Dans le centre de Londres, dont une fraction de plus en plus importante du ciel était bouchée par le Dôme, les télescopes ne servaient pas à grand-chose, à moins de vouloir épier les équipes d’ouvriers qui grouillaient nuit et jour sur la face interne de la voûte. Mais c’était le soleil que Bisesa voulait observer.

Quand Bisesa lui eut dit ce qu’elle désirait voir, le logiciel d’assistance se mit à débiter des mises en garde de sécurité. Bisesa savait déjà quels étaient les dangers. On ne peut pas regarder le soleil directement avec un télescope, à moins de vouloir se brûler la rétine, mais on peut en projeter une image. Bisesa installa donc une chaise pliante et disposa derrière l’oculaire une grande feuille de bristol. Le positionnement final du papier dans l’ombre du télescope et la mise au point de l’appareil fut un peu délicate. Mais un disque d’un blanc laiteux y apparut enfin.

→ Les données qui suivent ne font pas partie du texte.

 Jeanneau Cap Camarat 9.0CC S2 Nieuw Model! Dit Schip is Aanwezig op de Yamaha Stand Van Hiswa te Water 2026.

Bisesa fut surprise par la netteté de l’image, et par sa taille, une trentaine de centimètres. Vers le bord du disque, la luminosité s’atténuait légèrement, donnant la nette impression de regarder une sphère, en trois dimensions. Des taches étaient réparties par petites grappes autour des latitudes moyennes, bien visibles, l’air de grains de poussière dans une cuvette miroitante. Il était troublant de penser que chacune de ces minuscules anomalies était plus grande que la Terre entière et que, irradiant des températures de plusieurs milliers de degrés, elles n’apparaissaient comme des ombres que parce qu’elles étaient plus froides que le reste de la surface du soleil.

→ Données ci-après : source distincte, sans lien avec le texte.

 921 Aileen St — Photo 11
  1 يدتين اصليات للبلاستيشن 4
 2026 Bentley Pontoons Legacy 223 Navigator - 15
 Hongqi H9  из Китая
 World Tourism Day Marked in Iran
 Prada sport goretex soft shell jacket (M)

Mais ce n’était pas pour regarder les taches solaires que Bisesa avait acheté sa lunette astronomique.

Une ligne barrait la face du soleil, une bande gris pâle qui la traversait du nord-est au sud-ouest. C’était le bouclier, bien entendu. En position stationnaire au point L1, il était encore orienté presque perpendiculairement au soleil. Mais il projetait déjà une ombre sur la Terre. Bisesa serra Myra dans ses bras.

— Tu vois ? Il est là. Il est réel. Tu nous crois, maintenant ?

Myra contemplait l’ombre. Elle était un peu trop calme pour ses treize ans. Bisesa avait organisé cette démonstration pour rassurer sa fille, qui n’était pas la seule à avoir du mal à croire en la réalité de ce grand projet dans l’espace.

Mais sa réaction n’était pas celle qu’avait espérée Bisesa. Elle paraissait effrayée. C’était un objet de fabrication humaine, quatre fois plus éloigné que la Lune, et pourtant visible depuis la Terre. Dans la lumière délavée d’un petit matin londonien, cette vision cosmique était étonnante, impressionnante… écrasante.

C’était ce que les Grecs de l’Antiquité auraient appelé de l’hubris, le péché de démesure, se dit Bisesa.